Wendy Lee
Postdoctoral Research Fellow
Universtity of Melbourne
I’m currently a Postdoctoral Research Fellow in Meta-Optical Devices at the University of Melbourne which is affiliated with the ARC Centre of Excellence for Transformative Meta-Optical Systems (TMOS). My research interests lie in metasurfaces for a myriad of real-world applications, upconverting nanoparticles and nanophotonics. From my Ph.D days I have built up significant experience in teaching, lab demonstrating, experimentation with lasers just to name a few. I have won numerous awards for teaching and research aside from being awarded some grant funding for my research. I am very active in Outreach Activities, promoting Optics and Women in STEM to the public and school visits. I would like to further my career in academia through research and teaching in addition to seeking more outreach opportunities to spark interest in meta-optics and nanophotonics. During my free time, I run a guild for massively multiplayer online role-playing games and build many lego sets.

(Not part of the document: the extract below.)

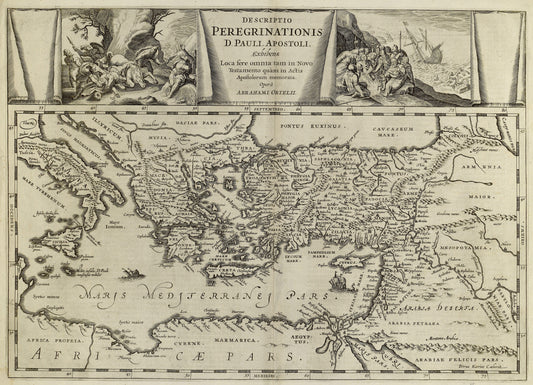 Hartă veche — Descriptio peregrinationis D. Pauli, Apostoli — Abraham Ortelius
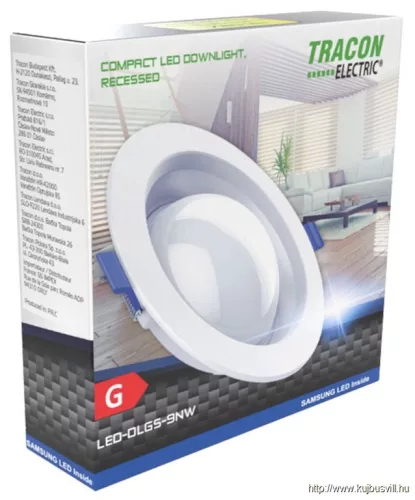 TRACON LED-DLGS-9NW Kompakt beépíthető LED mélysugárzó 230 VAC, 9W, 720lm, D=160 mm, 4000 K, IP44, EEI=G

Turning the invisible, visible!
Upconverting nanoparticles combined with carefully designed materials have been shown to generate enhancement in a wide variety of output wavelengths. This project aims to develop an enhancement platform to efficiently convert infrared light into visible light, to put simply, “turning the invisible (infrared light), visible”. Lanthanide (Ln) based upconverting nanoparticles (UCNPs) can be used as a platform to emit visible wavelength light in response to low power infrared (IR) pumping. Currently some of the major issues with these devices are their low efficiencies and the fact that lasing thresholds are higher than desired. The project aims to design, fabricate, and demonstrate efficient UCNP microlasers. A continuous wave microlaser that operates at room temperature conditions with low loss and high photostability could pave the way for a myriad of applications in sensing. An optimal metasurface that improves near-field enhancement has been designed for this purpose. This metasurface, consisting of resonators designed to resonate at the pumping wavelength (980 nm) and at the emission wavelength (660 nm) with significant electric field enhancement have been simulated, fabricated, and is undergoing experimental validation. This work will pave the way for future applications that would benefit from collecting the generated visible light from the UCNP-integrated metasurfaces with a visible-wavelength camera such as night vision goggles for first responders or defense related purposes.